Originally Posted by SVAuspicious
...Fixed radio to fixed radio you probably won't be able to tell most of the time. Talking to the USCG over Rescue 21? Probably not discernible. However, calling a marina when the dockmaster has a handheld and is out walking the docks? It will make a difference that may mean the difference between contact and not...
...Don't kid yourself. The GX-2150 does have a splitter. It's built in to the radio. All the same deficits apply.
I am familiar with most of what you describe, though I do not have nearly as much experience. It's obvious that splitting the antenna output two ways would reduce the strength by 3 dB. As you point out, S/N is just as important, and is why I have my home TV antenna amplifier right at the antenna (so I'm amplifying the purest signal, and not amplifying the noise that my wires pick up).
As a technical matter, the GX2150 does have a splitter somewhere in there, since there are at least 3 radios - the standard VHF radio, and the two separate receivers dedicated to AIS channels 87 and 88. But unlike when you mix and match two devices from two different manufacturers, the GX2150 is designed, tested, warranteed, and reviewed as a single unit, so the complications that you describe are addressed by the manufacturer.
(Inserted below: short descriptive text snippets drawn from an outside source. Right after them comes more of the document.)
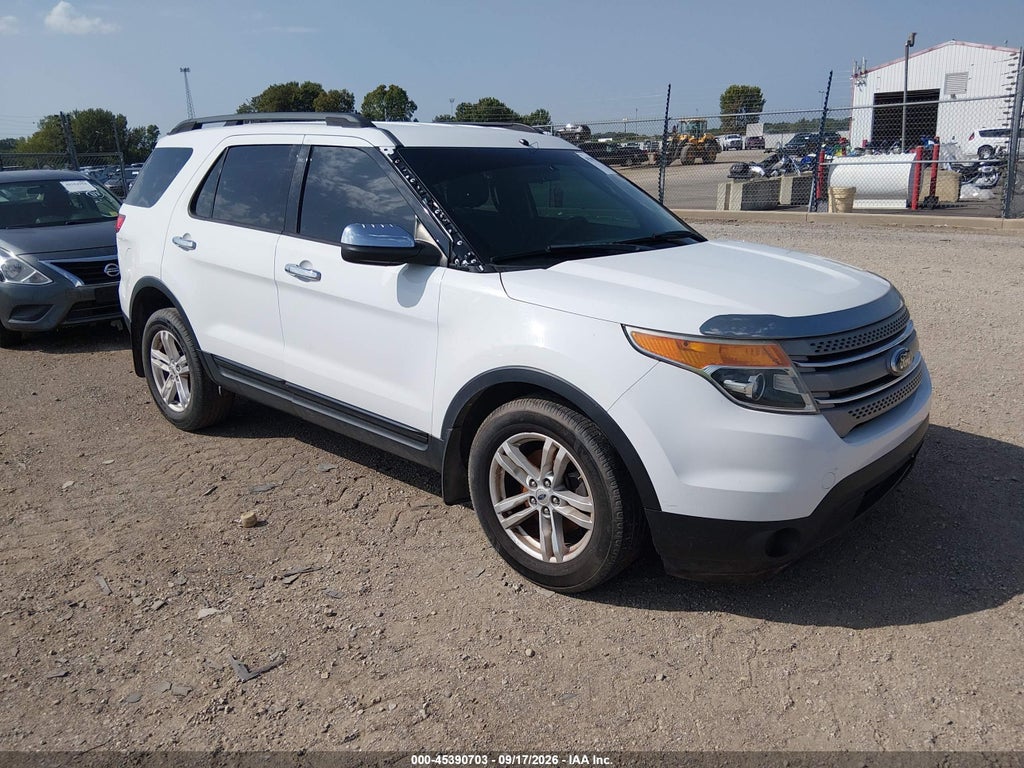 2014 Ford Explorer photo 1
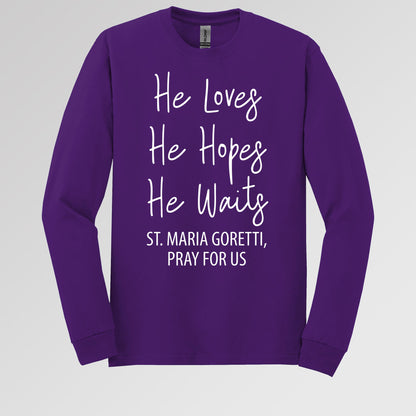 He Loves He Hopes He Waits 01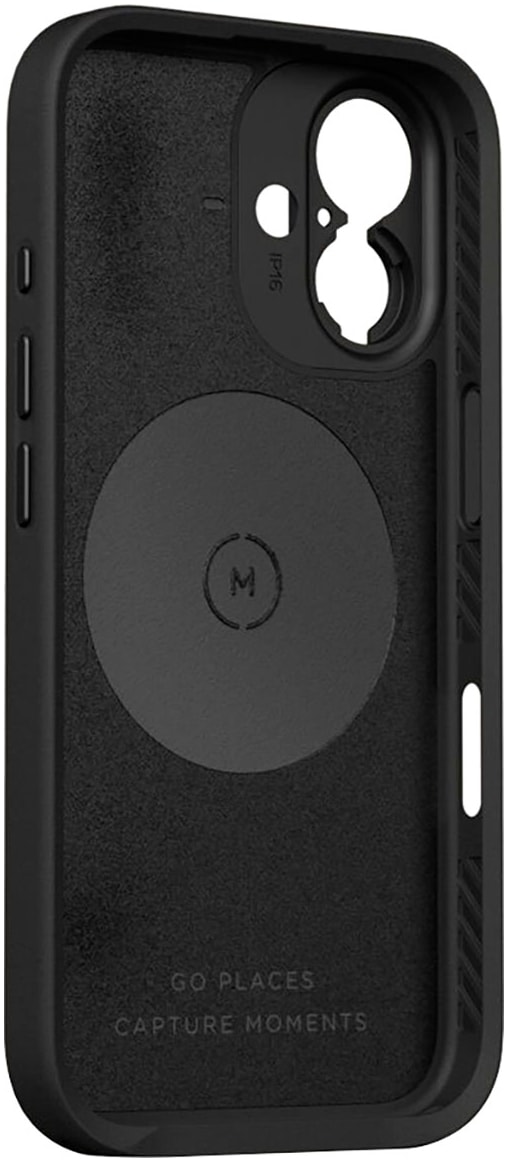 MOMENT Smartphone-Hülle »iPhone 16 MagSafe«, iPhone 16, 15,5 cm (6,1 Zoll)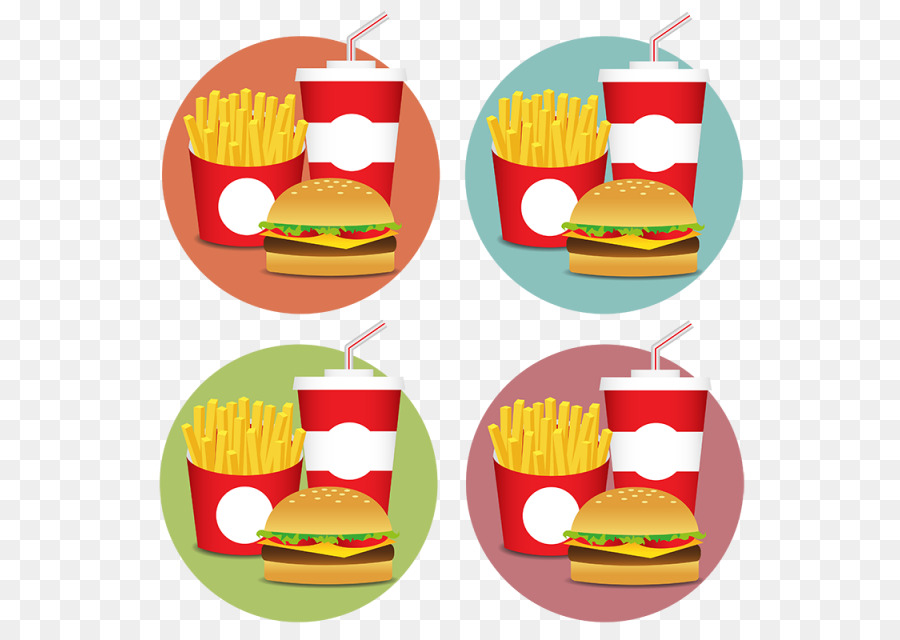 Fast Food，Hamburger PNG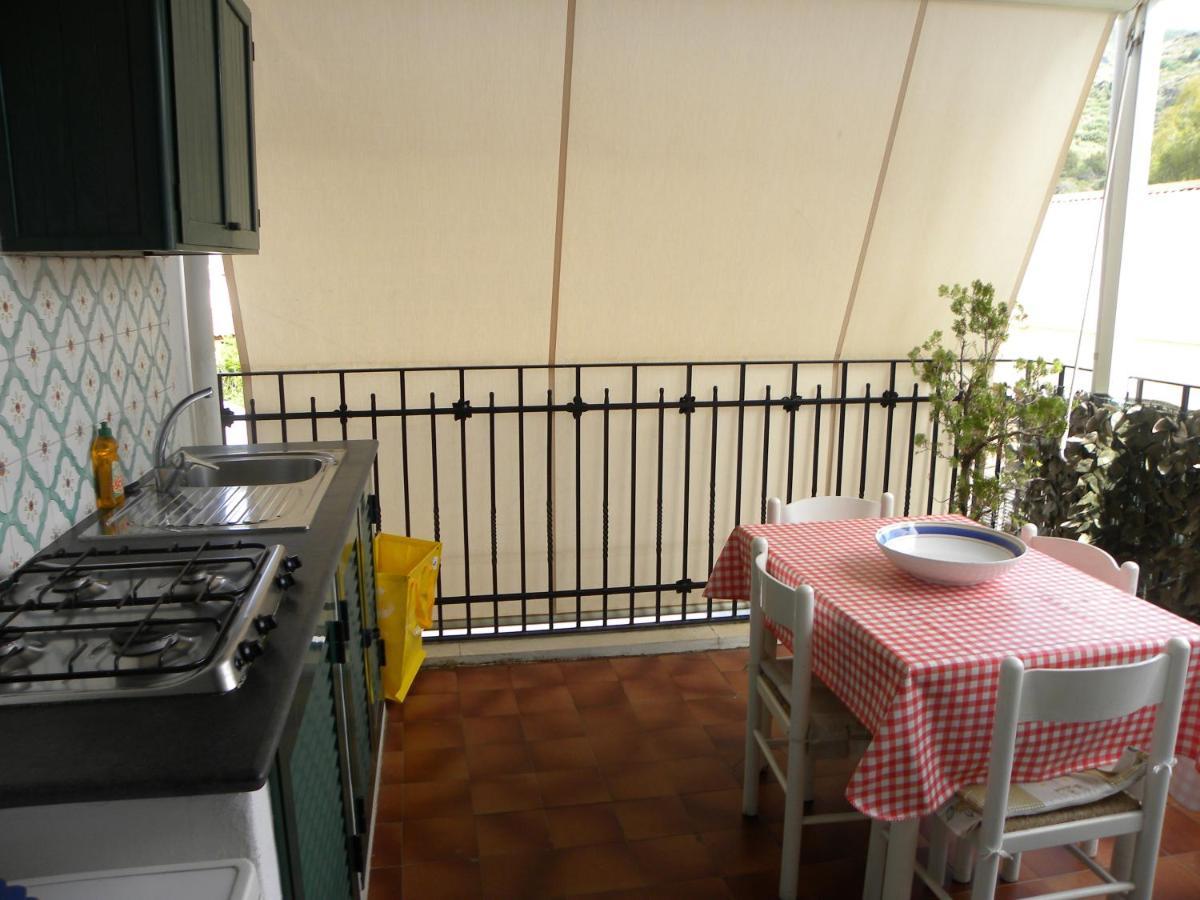 Novecento Apartman Lipari Kültér fotó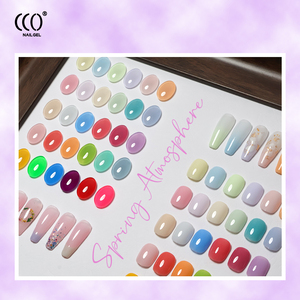 Pegamento para Transferencia de Láminas de Gel UV para Uñas con Lámpara LED/UV, No Tóxico, para Uso en Salón y DIY, Botella de 15 ml para Diseño Francés - Product Image 5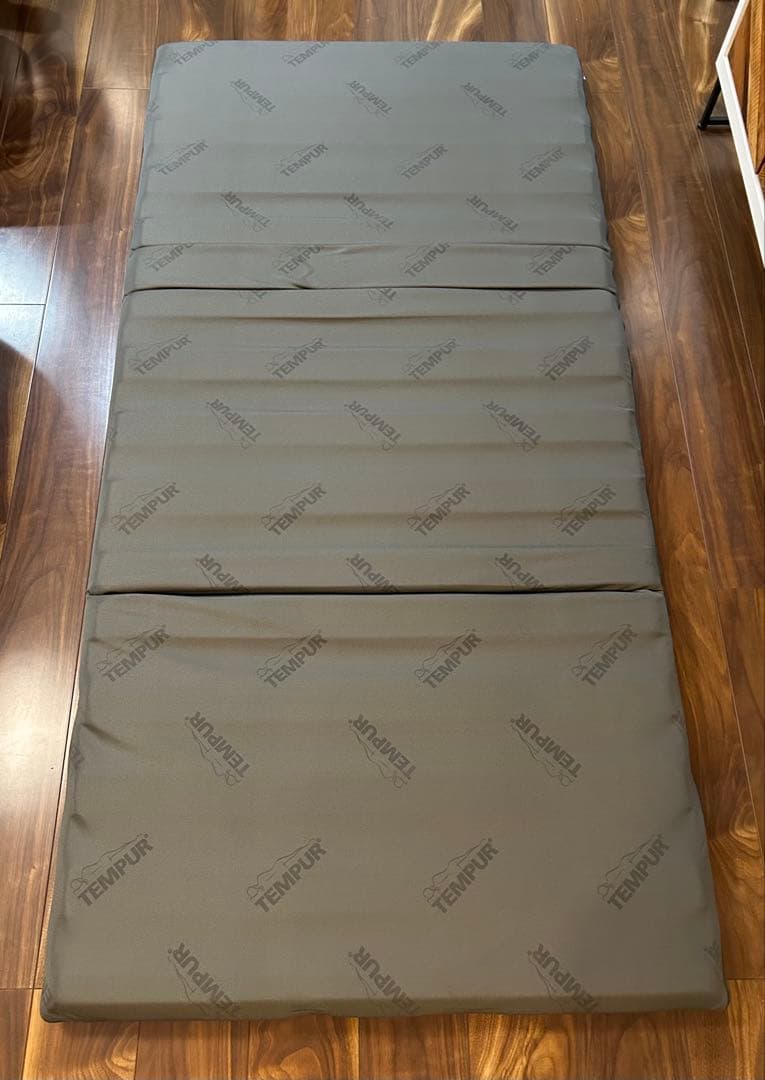 テンピュール フトンデラックス 低反発敷き布団 （シングル)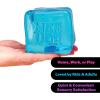 Schylling NeeDoh Nice Berg – Giant NeeDoh Nice Cube – Sensory Squeeze Toy with a Super Solid Squish – Ages 3 and Up – One Cube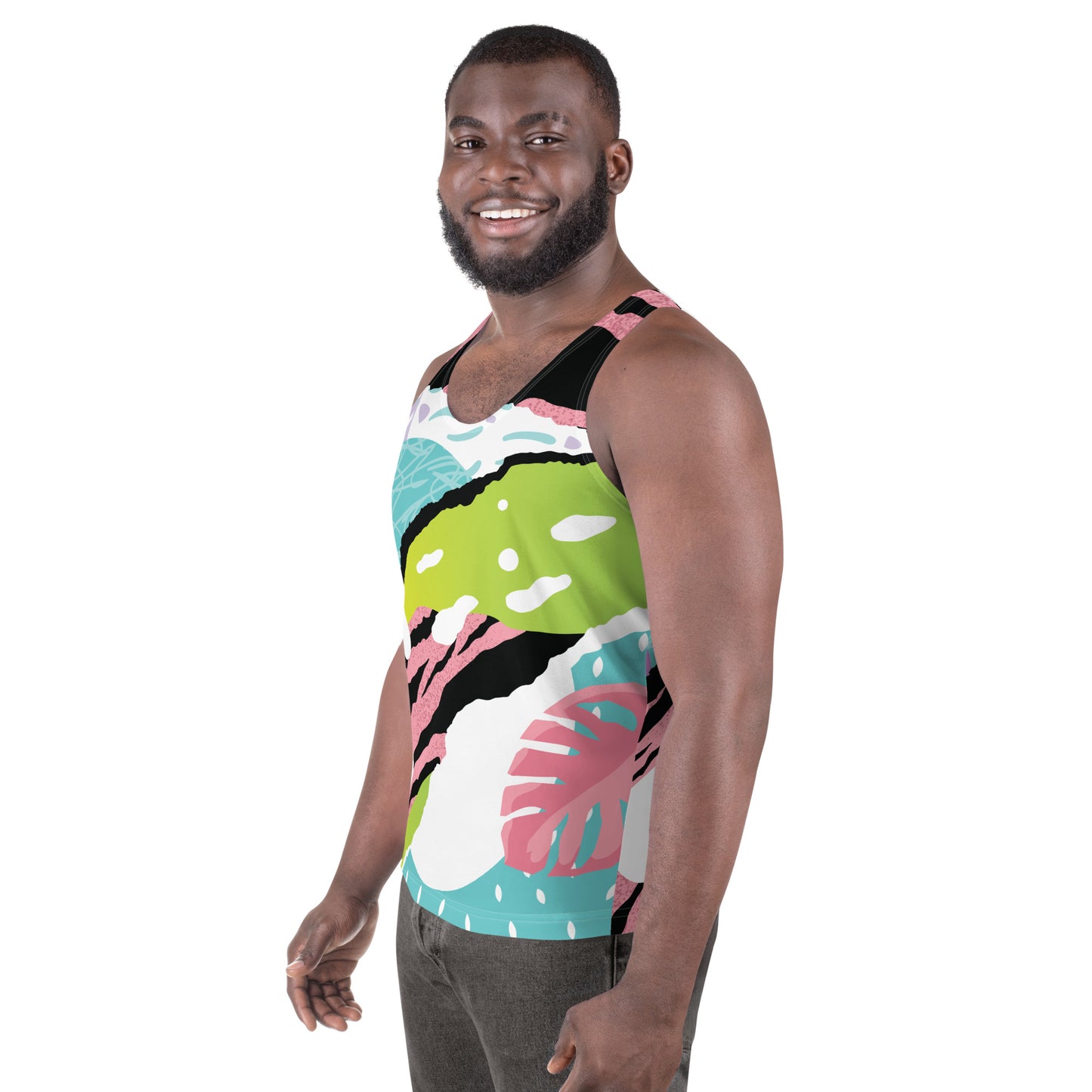 FRE (FRESH) BY XCLUSIF POETIX Men's Tank Top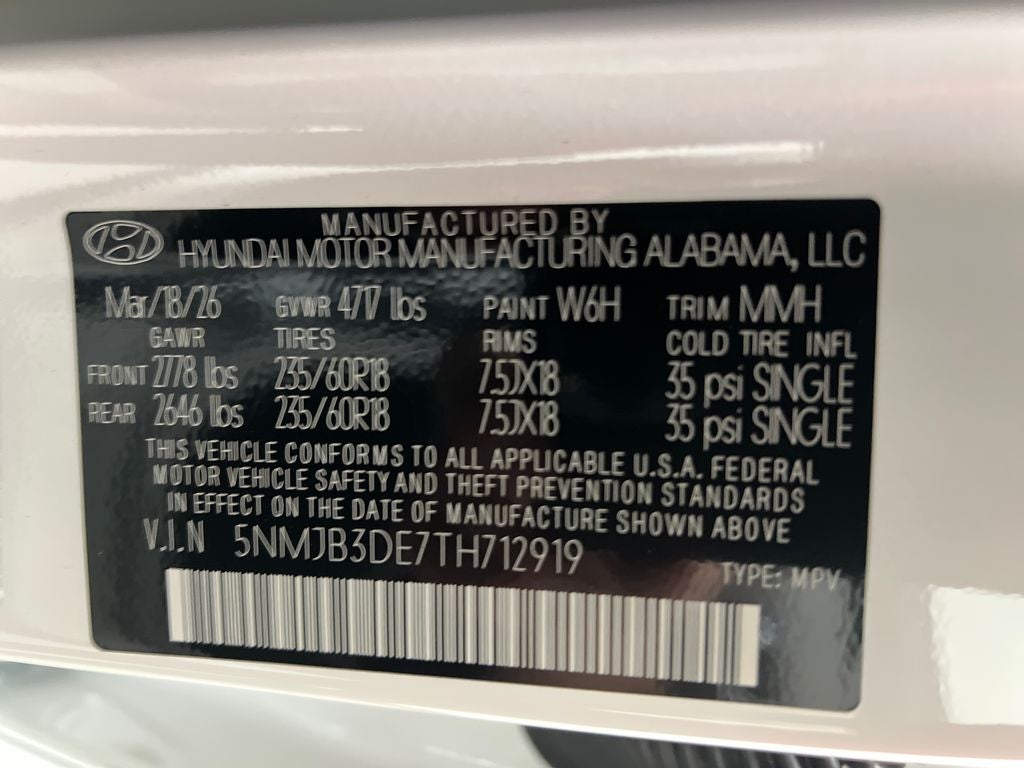 2026 Hyundai TUCSON SEL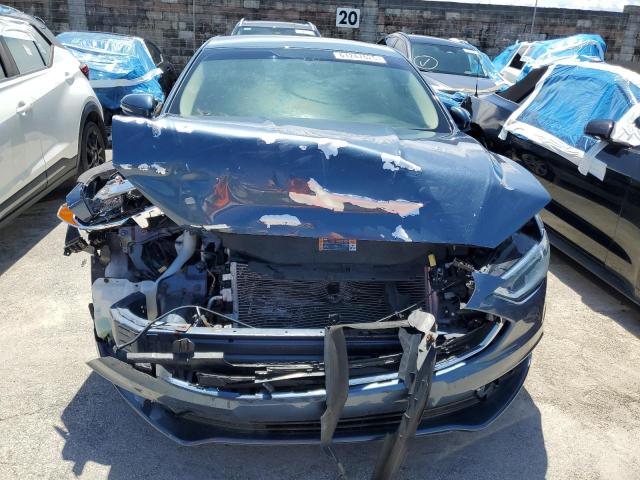  FORD FUSION 2018 Granatowy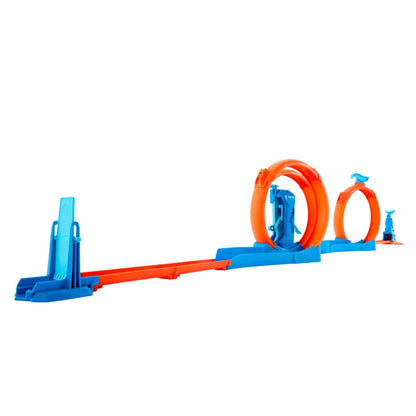 Hot Wheels Track Creator Triple Loop Kit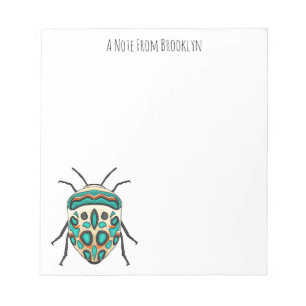 Bloc-note Illustration de bug Picasso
So while I don't dispute the theoretical issues that you mention for splitters, as a practical matter I've never heard any complaints about the GX2150 having "all the same deficits." In fact, the reviews that I have seen have been overwhelmingly positive. Can you point me to some test results that show that the GX2150 has difficulties hailing dockmasters at marinas?
As for your suggestion about installing an AIS antenna on the spreader of a small boat, since small boats have short spreaders, the antenna would have to be pretty close to the mast. Wouldn't the presence of the mast so close to the antenna create a blind spot due to shadowing of the signal? Personally, I'd rather have the antenna at the masthead where it gets an unobstructed 360 degree view, and maximum distance to the horizon.